The CDC recently released their latest findings which state that autism is now found in 1 out of 88 children in the United States. This can be further divided into boys (1 in 54) and girls (1 in 252).
The risks increases if you already have a child with autism. That is to say, if you have one child with autism, the chances of your next child also having autism is 19%. If you have two children with autism, the risk of having another is 32%. This presents some big concerns for people that are considering having children…or more children.

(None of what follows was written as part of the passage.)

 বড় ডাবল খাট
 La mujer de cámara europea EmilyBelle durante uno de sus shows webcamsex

Now that I’ve told you all of that, I want you forget you ever heard it.
Ever Lasting Risks
Whether or not there really are more cases of autism now than ever before (yes, it is open to some debate), the fact of the matter is that there have always been risks with having children. Some children are still born, some have cancer, some have down syndrome, some have autism…the truth is, tragically, that there is quite the long list of very unfortunate risks in having children. This is all starting to sound quite depressing but the truth is, that’s reality. There’s always been risk. There always will be risk. There’s also risk when you cross the street, fly in a plane, meet someone new, try something new, fall in love…you get the idea. Sometimes, the biggest risks bring about the biggest rewards.
The Risks are Worth It
Creating a new life is a big responsibility, whether they are special needs or not. It’s huge. And yes, there are risks. But ultimately, you can’t decide to create or not create life based on the risks. You create a new life because it’s the right thing to do. Because there’s a life to be made, between you and the one you love. To be with the little ones you’ve already created. To love and be loved. I mean, think about it…how many beautiful, wonderful souls has the world lost before they were even given the chance to be…because of people who were too afraid of the numbers to even try?

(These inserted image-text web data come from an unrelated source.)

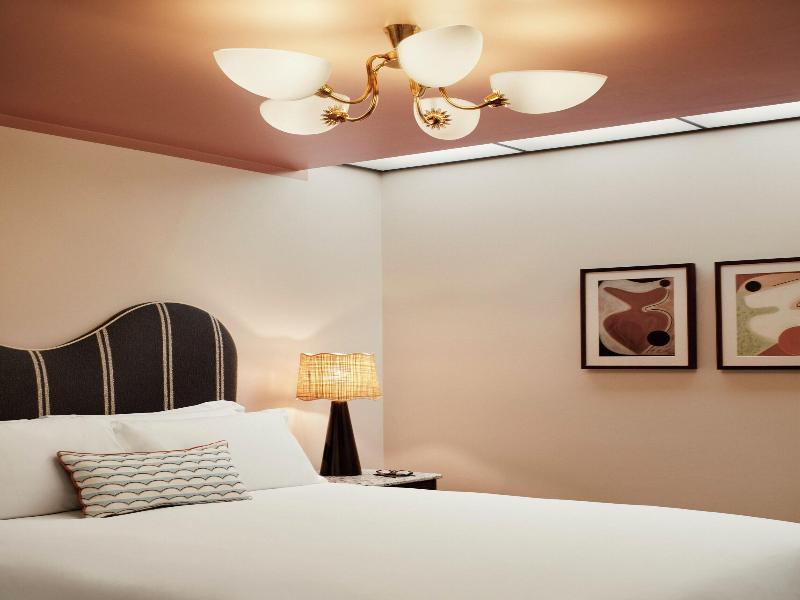 The Hoxton Shepherd's Bush - Oda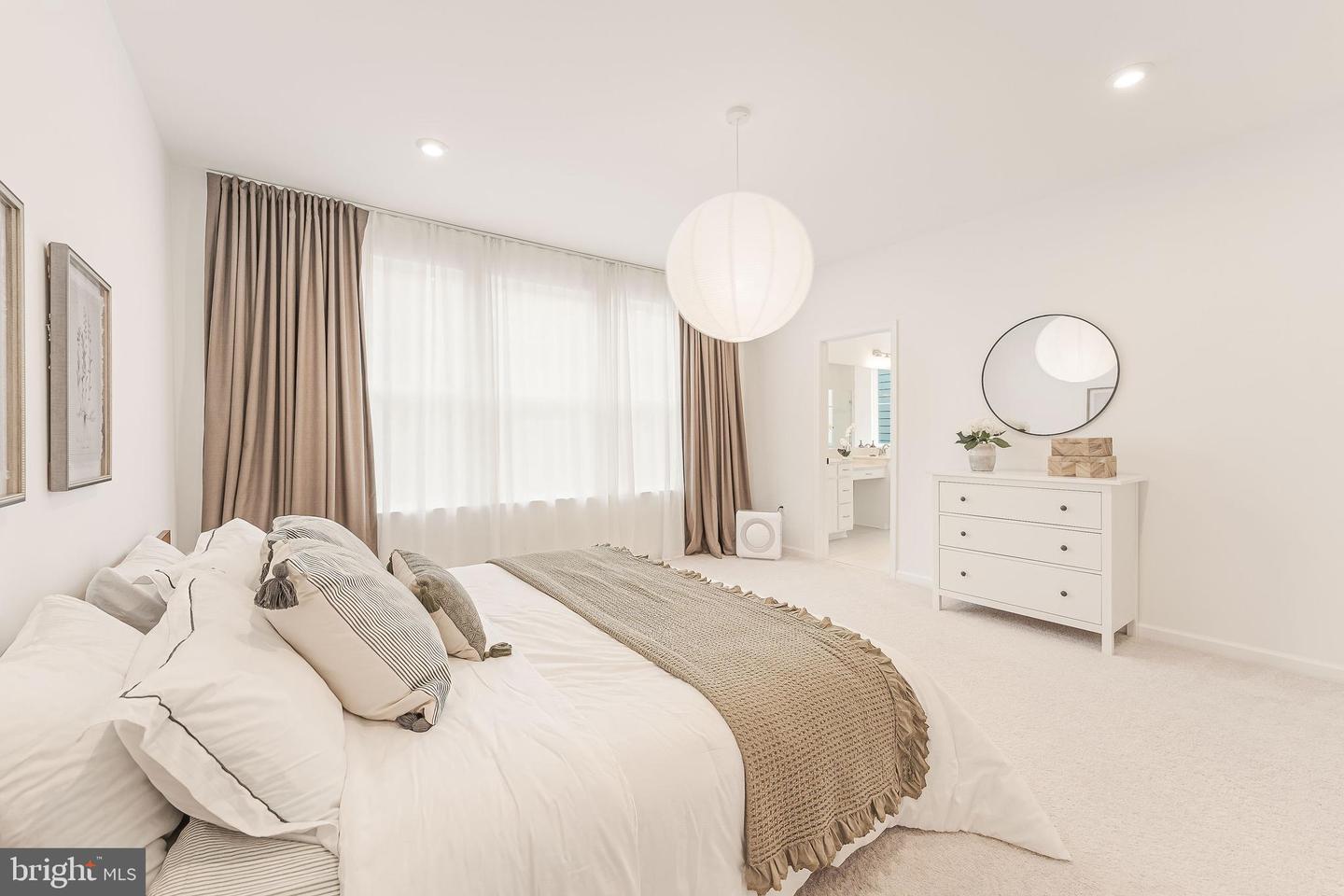 18260 MOSS GARDEN RD, DUMFRIES, Virginia 22026, 4 Bedrooms Bedrooms, ,3 BathroomsBathrooms,Residential,For sale,18260 MOSS GARDEN RD,VAPW2108040 MLS # VAPW2108040 18260 MOSS GARDEN RD, DUMFRIES, Virginia 22026, 4 Bedrooms Bedrooms, ,3 BathroomsBathrooms,Residential,For sale,18260 MOSS GARDEN RD,VAPW2108040 MLS # VAPW2108040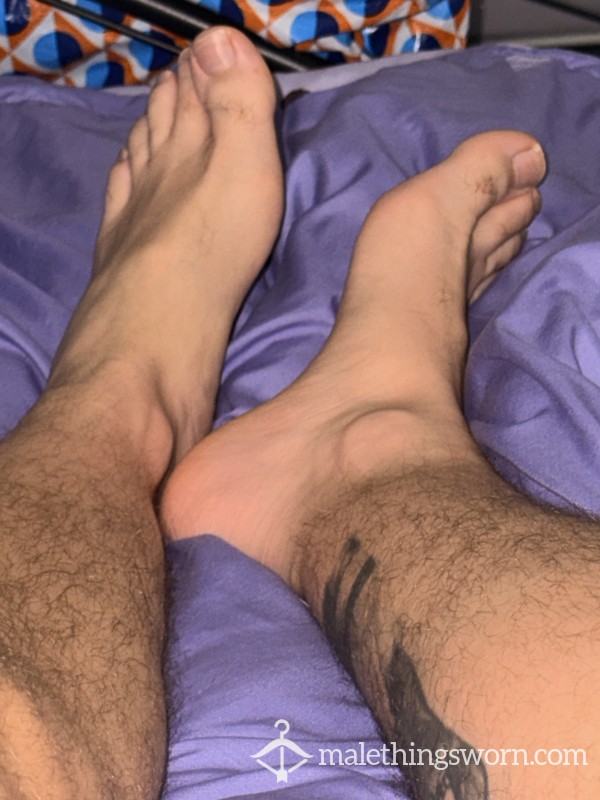 Scraping Feet For Foot Dust 🦶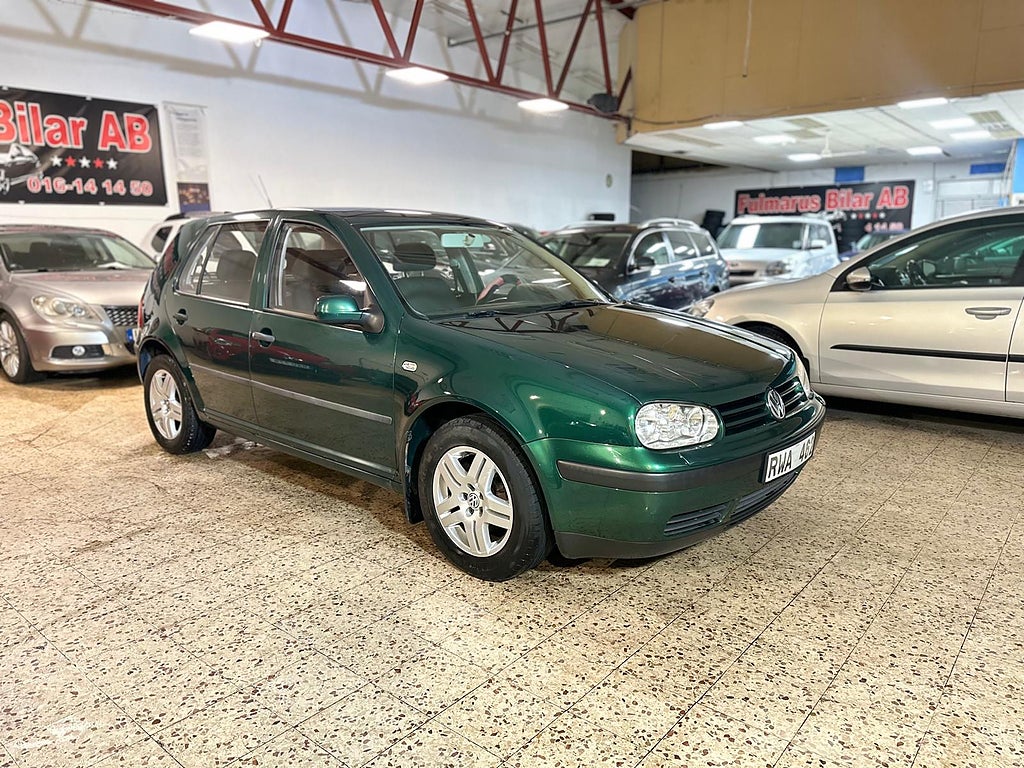 Volkswagen Golf 1.6 Basis Besiktigad & Ny Servad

I’m not dismissing the fact that raising an autistic child into and through adult-hood can cost a lot, more than a lot, and can be a huge burden on a family. This is very true and a part of the risk. Still though, even if that was to happen, that doesn’t make the soul any less beautiful. That doesn’t make the person any less wonderful.
Let’s look at the flip side of these risks…Einstein was widely regarded to have autism. Same with Mozart, Tesla, Newton and more. The guy who holds the world record for remembering Pi to 25,000 places (Daniel Tammet), he has autism. The guy who can draw entire cities completely in full detail just from a 45 minute helicopter ride over it (Stephen Wiltshire), he has autism. The point is, risks or no risks, special needs or not, strengths or weaknesses…a life is beautiful, wonderful and priceless.

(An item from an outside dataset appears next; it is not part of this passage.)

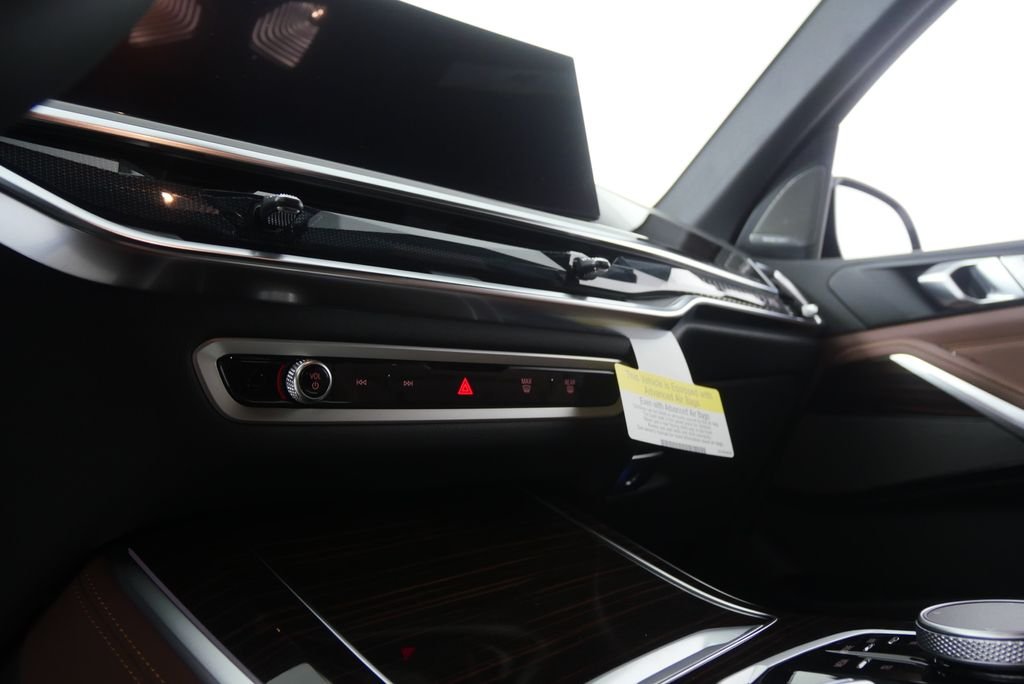 New 2026 Mineral White Metallic BMW sDrive40i image 21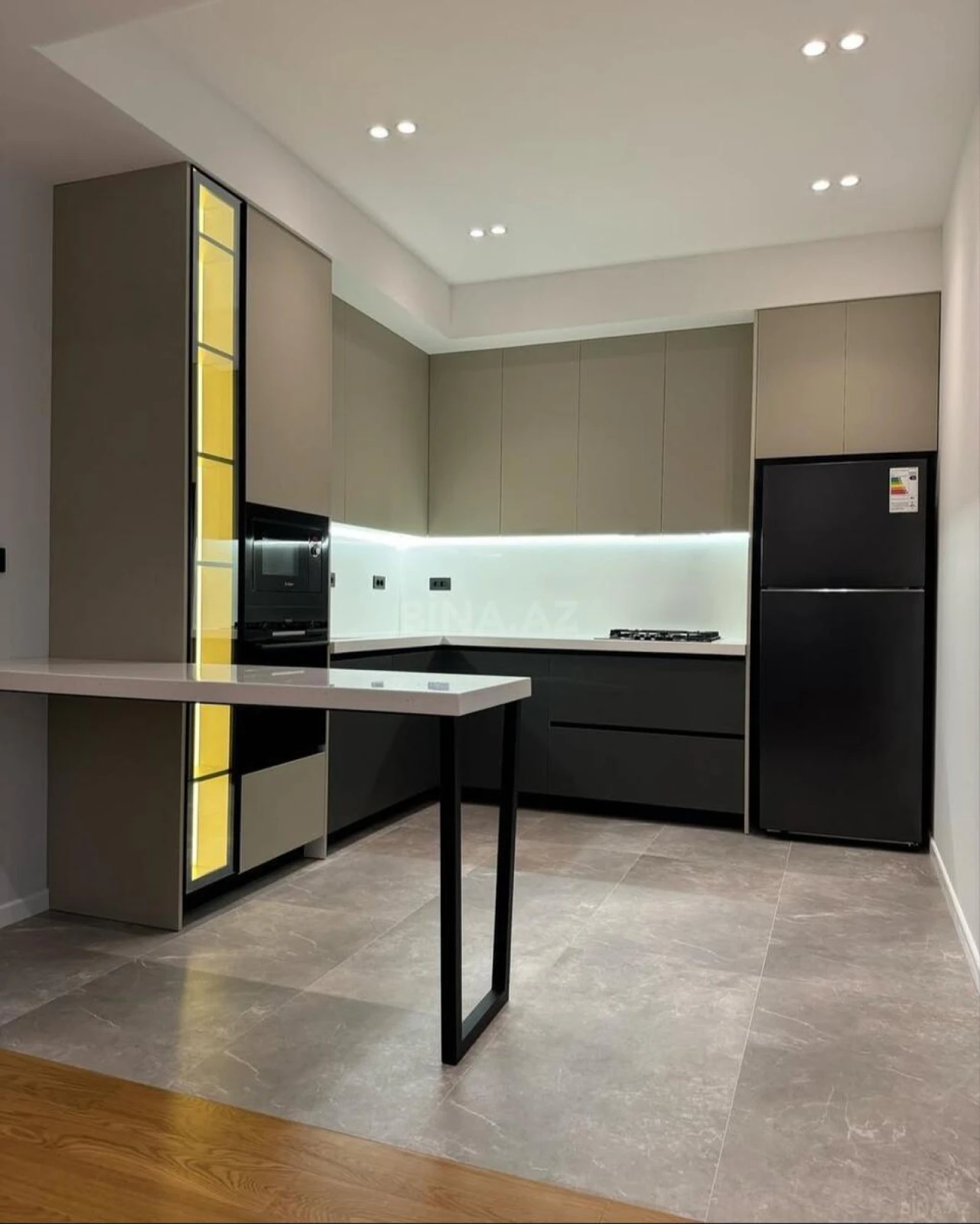 Kirayə verilir 2 otaqlı mənzil 105 m²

The Only Measure for Decision
There is only really one way to know whether or not you should have a child or another child and that is to decide how much more room in your heart you have to love that child. Money, time…even special needs, these things will be a struggle for any parent. Obviously it will be to varying degrees but it’s all a matter of perspective. One person who makes $1,000/month can struggle with money just as much as someone who makes $1,000,000/month. The same goes for time. You either learn time management or you don’t.
When my first child was diagnosed with autism, my wife and I still wanted a second child. We always new we’d have a family of four. We always knew that we didn’t want to have an “only child.” No, we didn’t dismiss the risks. We did consider the additional costs, additional struggles that having a second autistic child could have had. But it didn’t make the decision for us. To think about it, it is far more saddening to think of life without my second little boy than it is to think of what it would be like if he had autism, or any other special needs.
Both of my boys, with and without autism, are so beautiful and have such wonderful souls. The world would be missing something amazing if they were never born and we would be missing a lot of love in our lives. If the love is there, you will find a way to make the money, time, and struggles work.